**Task brief:** Copy every entry exactly, but skip the pictures.

# # # #

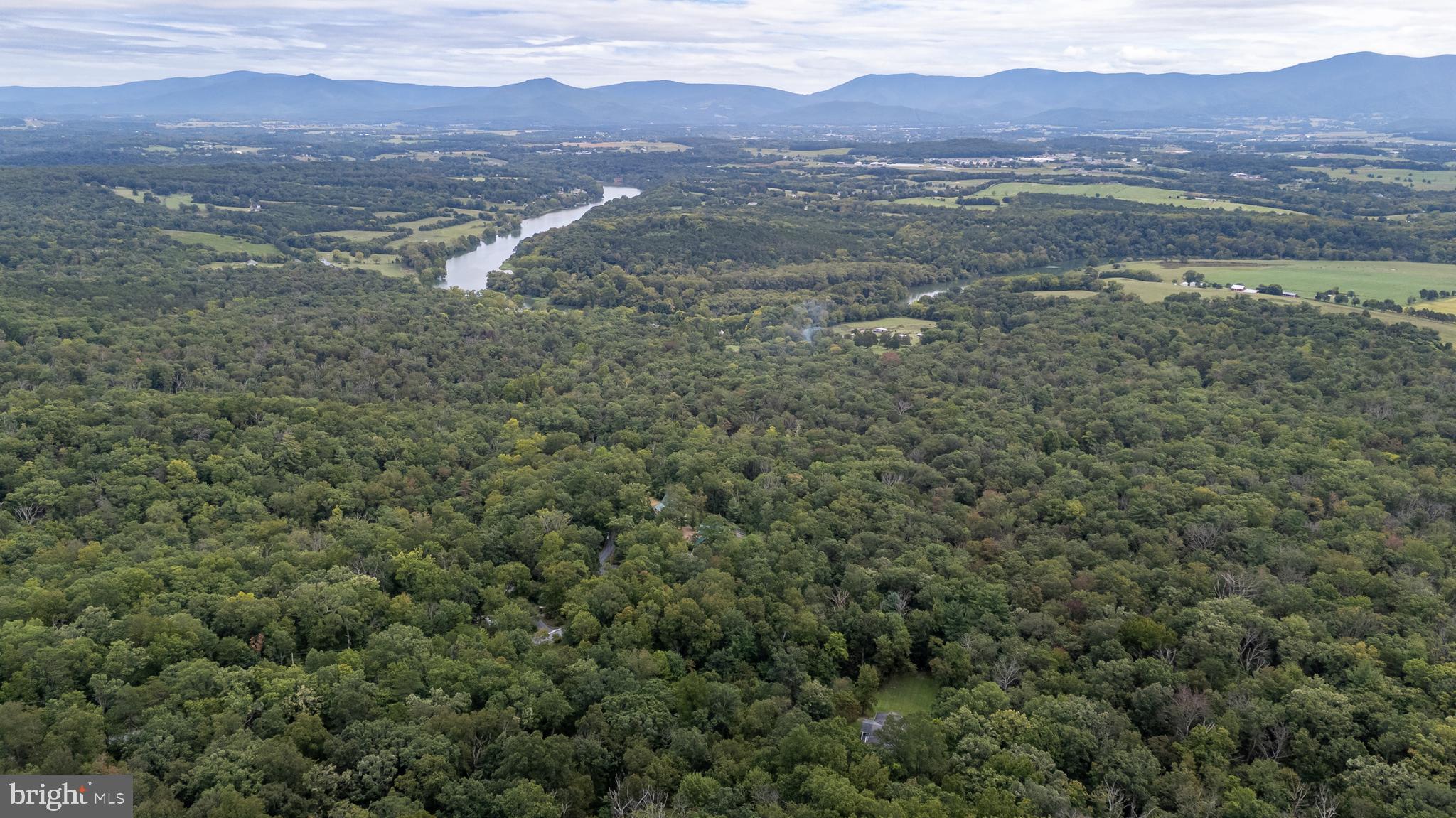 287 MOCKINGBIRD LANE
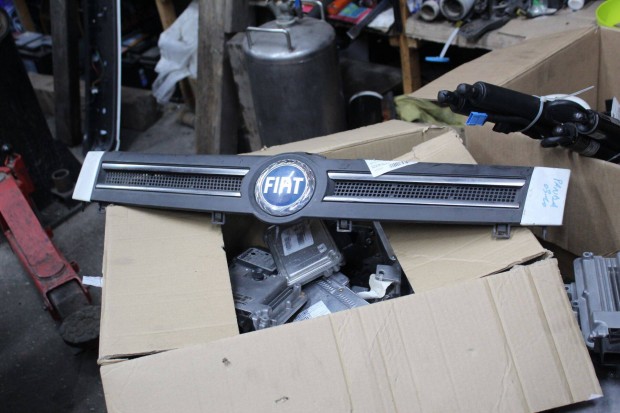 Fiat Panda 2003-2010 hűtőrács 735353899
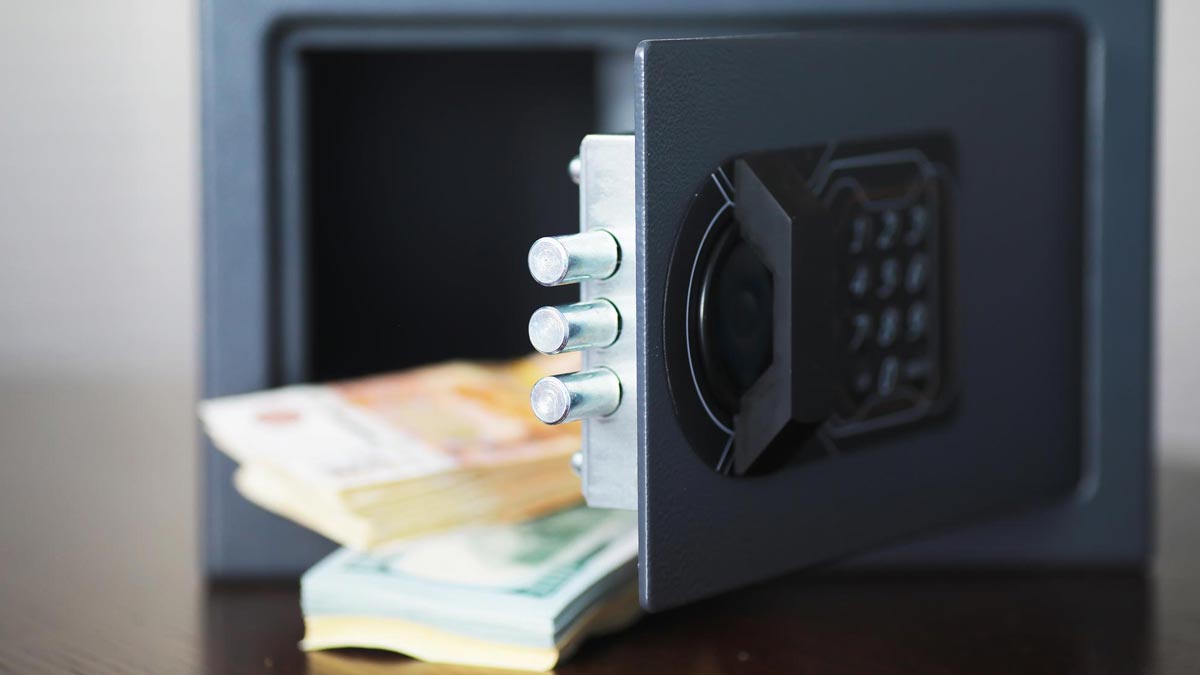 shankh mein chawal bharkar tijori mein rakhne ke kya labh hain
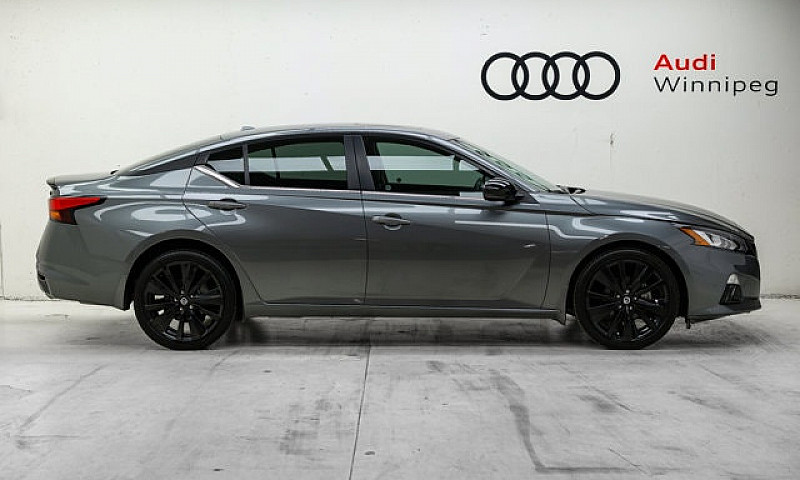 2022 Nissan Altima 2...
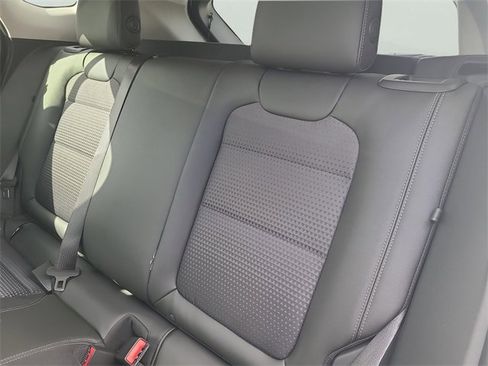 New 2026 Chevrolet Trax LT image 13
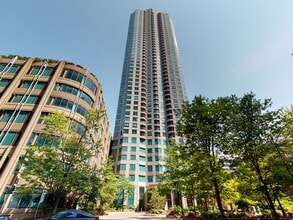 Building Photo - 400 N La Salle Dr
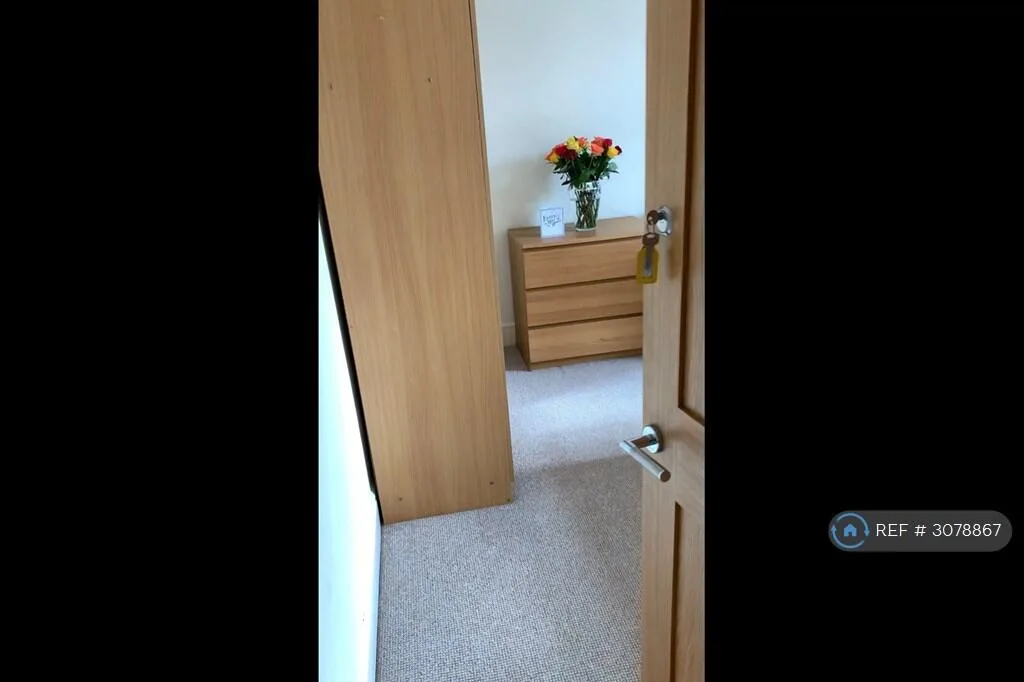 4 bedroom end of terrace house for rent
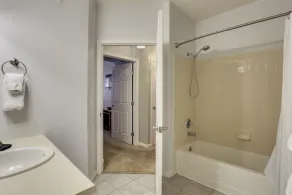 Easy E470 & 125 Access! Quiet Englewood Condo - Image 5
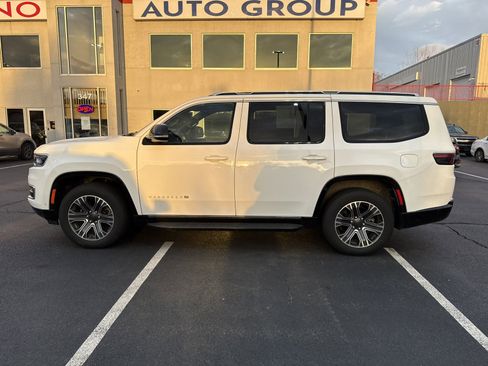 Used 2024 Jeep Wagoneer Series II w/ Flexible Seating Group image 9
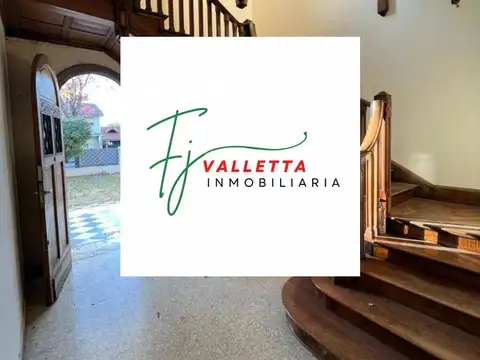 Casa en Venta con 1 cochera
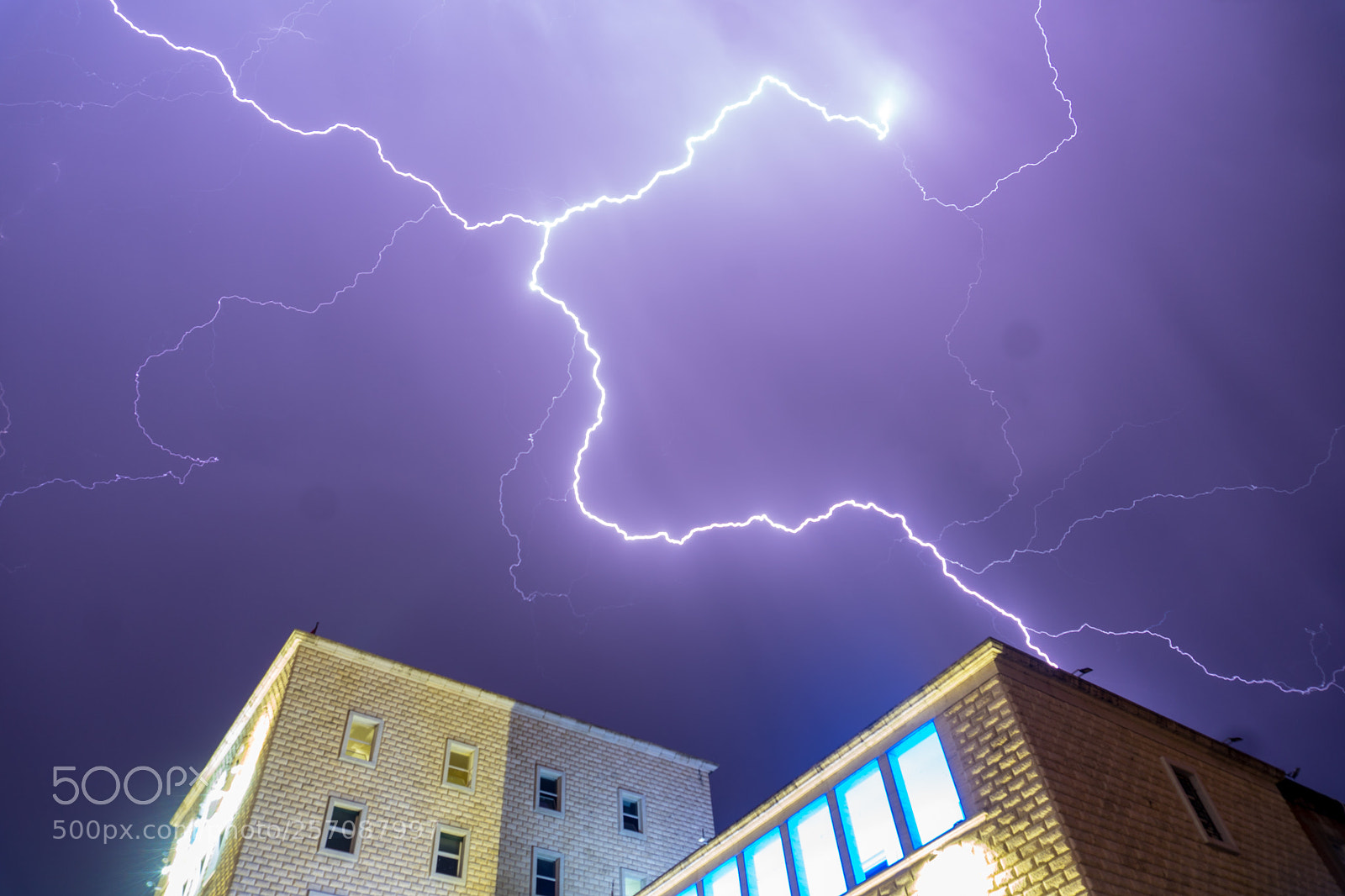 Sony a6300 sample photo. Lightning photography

# # # #

**Output of the task:**
 287 MOCKINGBIRD LANE
 Fiat Panda 2003-2010 hűtőrács 735353899
 shankh mein chawal bharkar tijori mein rakhne ke kya labh hain
 2022 Nissan Altima 2...
 New 2026 Chevrolet Trax LT image 13
 Building Photo - 400 N La Salle Dr
 4 bedroom end of terrace house for rent
 Easy E470 & 125 Access! Quiet Englewood Condo - Image 5
 Used 2024 Jeep Wagoneer Series II w/ Flexible Seating Group image 9
 Casa en Venta con 1 cochera
 Sony a6300 sample photo. Lightning photography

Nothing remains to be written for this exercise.